Concepts or modes of reflexivity are manifold and, as Michael Lynch cautions, the ‘attempt to ‘do’ reflexivity or to ‘be’ reflexive does not control its communal horizons and eventual fate’.23 This is true also for my refraction of questions addressing the representation of African art. What is it that interests the visitor in wanting to see the phantoms? My essay-film is voiced by one of the exhibition’s ‘subjects’, taking one of the many books on display and citing its argument concerning the spectre of colonialism. Distinct from an ethnographic documentary, the film offers no interviews – it does not intercut various voices to camera – and rather features one ‘participant’ voice as its ostensibly authorial subject. Interviews seem to function as the equivalent in terms of footage to the former requirement of citing fieldwork within ethnographic monographs.

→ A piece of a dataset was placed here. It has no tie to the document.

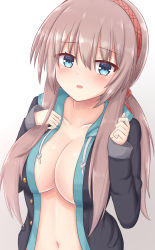 Rule 34 | 1girl, arms up, blue eyes, blush, breasts, brown hair, buttons, cleavage, collarbone, commentary request, drawstring, eyebrows, hair between eyes, hair ornament, hair ribbon, highres, hood, hoodie, large breasts, long hair, looking at viewer, navel, no bra, open clothes, open mouth, pocket, ribbon, sanoba witch, school uniform, shiiba tsumugi, solo, standing, upper body, white background, yuunagi (yunagi1373)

The question remains as to what kind of ‘informants’ the artefacts in this European ethnographic séance might have been, re-constituted as a site in the film’s phantomatic conditions of time and place. The standard expectation (in a review, for instance) would be that the presentation of artefacts already supposed an answer to the question as to why one would be interested in visiting the exhibition. Here, however, the interest is in discovering how such artefacts (or, indeed, the apparatus of their exhibition) might prompt that very question, addressing something not already known but waiting to be discovered.

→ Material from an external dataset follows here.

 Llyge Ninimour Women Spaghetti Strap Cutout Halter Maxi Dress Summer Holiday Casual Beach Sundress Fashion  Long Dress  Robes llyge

The exhibition was one of a series of ‘pop up’ shows associated with the temporary closure of the Belgian Royal Museum of Central Africa and the site of the Ostend gallery was not itself neutral.24 The exhibition barely touched on the fact that this city was also a major beneficiary of Leopold II’s legacy, with just one reference to an incident in 2004 when a commemorative sculpture of a group of Congolese, looking up at an equestrian statue of the Belgian monarch, supposedly in gratitude for his ‘saving them from Arab slavery’, had their hands cut off by unknown activists in the city. The haunting power of this gesture, migrating through both official and unofficial knowledge of the former ‘Belgian-Congo’, transforms an understanding of the historical agency in such a site of public commemoration to one of (post-)colonial complicity.25 The ‘arch of severed hands’, invoked as Leopold’s lasting memorial by Emile Vanderwelle in the Belgian parliament in 1905,26 was not part of the exhibition’s representation of ‘European ghosts’ attending the collection of ‘African art’.

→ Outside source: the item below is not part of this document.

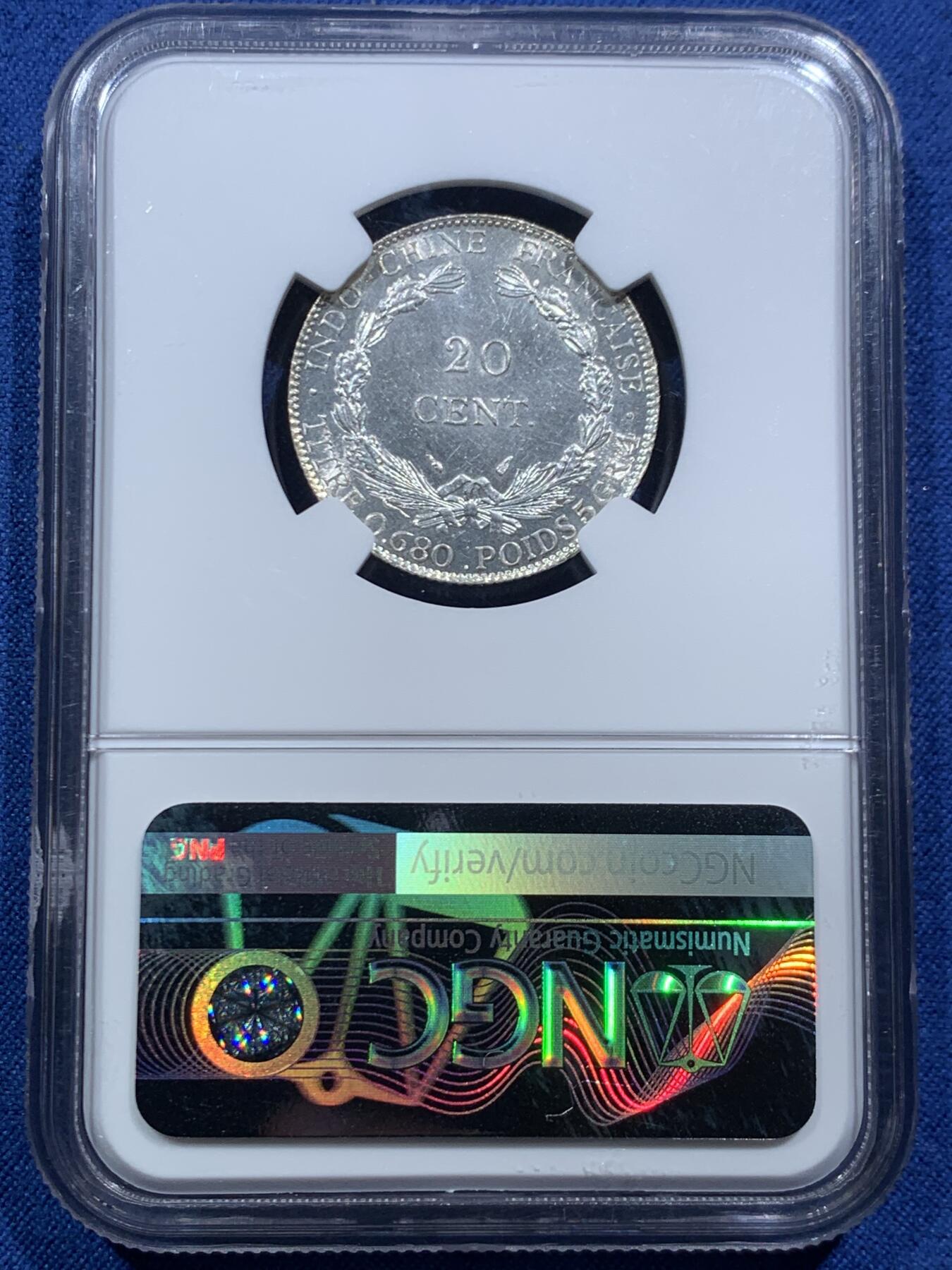 《竞宝斋》第467场 周日，周一 2场连拍 （全场包邮）欢迎送拍 NGC UNCD 法属印支1937年坐洋20分银币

Rather than providing answers to a reflexive question concerning the claims of ‘being there’, my review tried to explore how the time and place of research might be the consequence, as much as the cause, of this research itself. Here the question of visibility touches upon how techniques of both exhibition and testimony – in the historical imbrication of modernity and colonialism – engage with their own ambiguity concerning autonomy (or art) and representation (or contextualisation). Another question: where the presence of ghosts attends that of ‘African art’ in its European representation, what might be their point of view concerning such an exhibition, being simultaneously included and excluded, as both participants and observers? This question returns in the composition of the essay-film in its fracture between a point of view within and without – no longer ‘there’ but not yet ‘here’ – evoking the presence of ghosts, which is always that of a return or a revisiting.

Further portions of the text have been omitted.